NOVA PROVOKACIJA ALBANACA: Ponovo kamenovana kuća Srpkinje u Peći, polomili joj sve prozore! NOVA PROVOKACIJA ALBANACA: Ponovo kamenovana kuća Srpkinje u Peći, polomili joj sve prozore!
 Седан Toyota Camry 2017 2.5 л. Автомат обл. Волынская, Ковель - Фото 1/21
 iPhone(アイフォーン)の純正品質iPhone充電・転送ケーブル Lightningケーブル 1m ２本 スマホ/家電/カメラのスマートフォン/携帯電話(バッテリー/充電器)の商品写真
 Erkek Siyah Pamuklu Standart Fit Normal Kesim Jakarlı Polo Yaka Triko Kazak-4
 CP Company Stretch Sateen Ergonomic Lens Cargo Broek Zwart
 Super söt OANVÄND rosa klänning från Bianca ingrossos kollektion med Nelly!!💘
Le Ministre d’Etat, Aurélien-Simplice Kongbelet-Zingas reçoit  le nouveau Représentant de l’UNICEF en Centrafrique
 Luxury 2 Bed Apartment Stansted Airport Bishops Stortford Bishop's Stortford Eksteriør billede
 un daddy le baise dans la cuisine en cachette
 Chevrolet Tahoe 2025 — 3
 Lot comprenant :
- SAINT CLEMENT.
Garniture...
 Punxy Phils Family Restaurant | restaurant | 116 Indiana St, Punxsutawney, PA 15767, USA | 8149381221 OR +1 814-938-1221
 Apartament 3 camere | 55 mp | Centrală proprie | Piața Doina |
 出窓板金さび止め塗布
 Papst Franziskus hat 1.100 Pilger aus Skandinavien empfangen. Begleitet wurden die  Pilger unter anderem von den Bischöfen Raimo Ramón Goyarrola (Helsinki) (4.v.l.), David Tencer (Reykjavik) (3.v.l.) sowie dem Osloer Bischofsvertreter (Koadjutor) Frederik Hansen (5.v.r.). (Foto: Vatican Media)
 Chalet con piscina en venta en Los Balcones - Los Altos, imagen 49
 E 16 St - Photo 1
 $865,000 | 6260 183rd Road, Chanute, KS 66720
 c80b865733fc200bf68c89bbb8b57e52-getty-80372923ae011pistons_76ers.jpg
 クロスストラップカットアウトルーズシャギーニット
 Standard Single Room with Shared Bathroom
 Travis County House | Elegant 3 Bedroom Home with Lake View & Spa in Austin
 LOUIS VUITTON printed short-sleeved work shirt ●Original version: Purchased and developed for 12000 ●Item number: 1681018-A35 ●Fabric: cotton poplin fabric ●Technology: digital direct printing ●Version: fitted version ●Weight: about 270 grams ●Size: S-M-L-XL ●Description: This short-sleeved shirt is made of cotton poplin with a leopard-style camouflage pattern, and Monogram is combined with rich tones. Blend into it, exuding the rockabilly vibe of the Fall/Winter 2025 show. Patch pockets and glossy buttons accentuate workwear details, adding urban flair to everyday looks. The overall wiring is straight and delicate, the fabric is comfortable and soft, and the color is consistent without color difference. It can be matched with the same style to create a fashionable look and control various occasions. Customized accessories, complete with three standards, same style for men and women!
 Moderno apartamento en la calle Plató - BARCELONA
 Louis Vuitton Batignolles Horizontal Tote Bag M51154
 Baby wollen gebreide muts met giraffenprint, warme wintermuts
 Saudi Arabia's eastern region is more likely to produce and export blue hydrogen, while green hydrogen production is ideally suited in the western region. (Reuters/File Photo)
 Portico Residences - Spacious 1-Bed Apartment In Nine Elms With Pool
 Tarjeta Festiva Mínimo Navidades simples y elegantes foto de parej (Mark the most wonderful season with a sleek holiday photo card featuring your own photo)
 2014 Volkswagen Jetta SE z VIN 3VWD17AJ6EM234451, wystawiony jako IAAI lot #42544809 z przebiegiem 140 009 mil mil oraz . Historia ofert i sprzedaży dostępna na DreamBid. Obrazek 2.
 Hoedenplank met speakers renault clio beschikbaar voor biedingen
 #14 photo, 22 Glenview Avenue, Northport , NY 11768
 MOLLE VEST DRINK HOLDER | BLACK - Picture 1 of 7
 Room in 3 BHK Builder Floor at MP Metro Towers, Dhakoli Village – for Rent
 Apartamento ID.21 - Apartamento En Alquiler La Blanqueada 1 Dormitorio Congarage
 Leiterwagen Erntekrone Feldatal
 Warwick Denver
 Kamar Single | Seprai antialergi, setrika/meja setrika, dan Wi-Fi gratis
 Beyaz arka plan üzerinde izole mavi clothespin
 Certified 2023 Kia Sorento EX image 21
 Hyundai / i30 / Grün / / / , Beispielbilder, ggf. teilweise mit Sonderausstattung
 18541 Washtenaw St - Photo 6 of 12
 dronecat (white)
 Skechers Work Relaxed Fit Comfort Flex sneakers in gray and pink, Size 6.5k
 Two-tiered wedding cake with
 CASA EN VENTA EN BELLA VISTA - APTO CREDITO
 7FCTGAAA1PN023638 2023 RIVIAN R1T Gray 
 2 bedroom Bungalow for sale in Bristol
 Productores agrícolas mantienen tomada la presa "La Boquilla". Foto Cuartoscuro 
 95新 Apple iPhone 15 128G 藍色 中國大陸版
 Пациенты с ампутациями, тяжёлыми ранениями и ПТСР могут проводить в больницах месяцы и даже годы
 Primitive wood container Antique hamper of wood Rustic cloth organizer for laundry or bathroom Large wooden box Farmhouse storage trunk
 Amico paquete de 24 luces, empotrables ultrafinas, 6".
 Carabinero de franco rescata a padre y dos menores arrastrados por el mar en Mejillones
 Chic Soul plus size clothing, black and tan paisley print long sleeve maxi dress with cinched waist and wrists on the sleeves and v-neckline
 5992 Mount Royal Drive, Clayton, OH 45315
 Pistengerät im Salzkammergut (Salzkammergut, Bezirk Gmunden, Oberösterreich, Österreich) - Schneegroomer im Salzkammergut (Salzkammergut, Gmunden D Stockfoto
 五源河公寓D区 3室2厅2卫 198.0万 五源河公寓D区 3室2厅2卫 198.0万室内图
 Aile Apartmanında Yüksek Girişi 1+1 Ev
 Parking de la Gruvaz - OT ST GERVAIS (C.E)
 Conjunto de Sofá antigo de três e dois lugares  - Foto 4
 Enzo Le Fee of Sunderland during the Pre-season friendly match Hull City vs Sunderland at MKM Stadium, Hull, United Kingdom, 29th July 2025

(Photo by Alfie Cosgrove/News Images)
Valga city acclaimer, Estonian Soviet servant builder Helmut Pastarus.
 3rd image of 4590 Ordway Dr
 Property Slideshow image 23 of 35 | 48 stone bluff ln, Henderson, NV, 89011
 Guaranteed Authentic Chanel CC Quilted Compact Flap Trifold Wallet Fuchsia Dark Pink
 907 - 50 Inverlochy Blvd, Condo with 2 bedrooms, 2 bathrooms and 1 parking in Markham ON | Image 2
== == ==
# Exercise directions
Copy every line from the data that includes the string "Apartment".

# Response box
 Luxury 2 Bed Apartment Stansted Airport Bishops Stortford Bishop's Stortford Eksteriør billede
 Portico Residences - Spacious 1-Bed Apartment In Nine Elms With Pool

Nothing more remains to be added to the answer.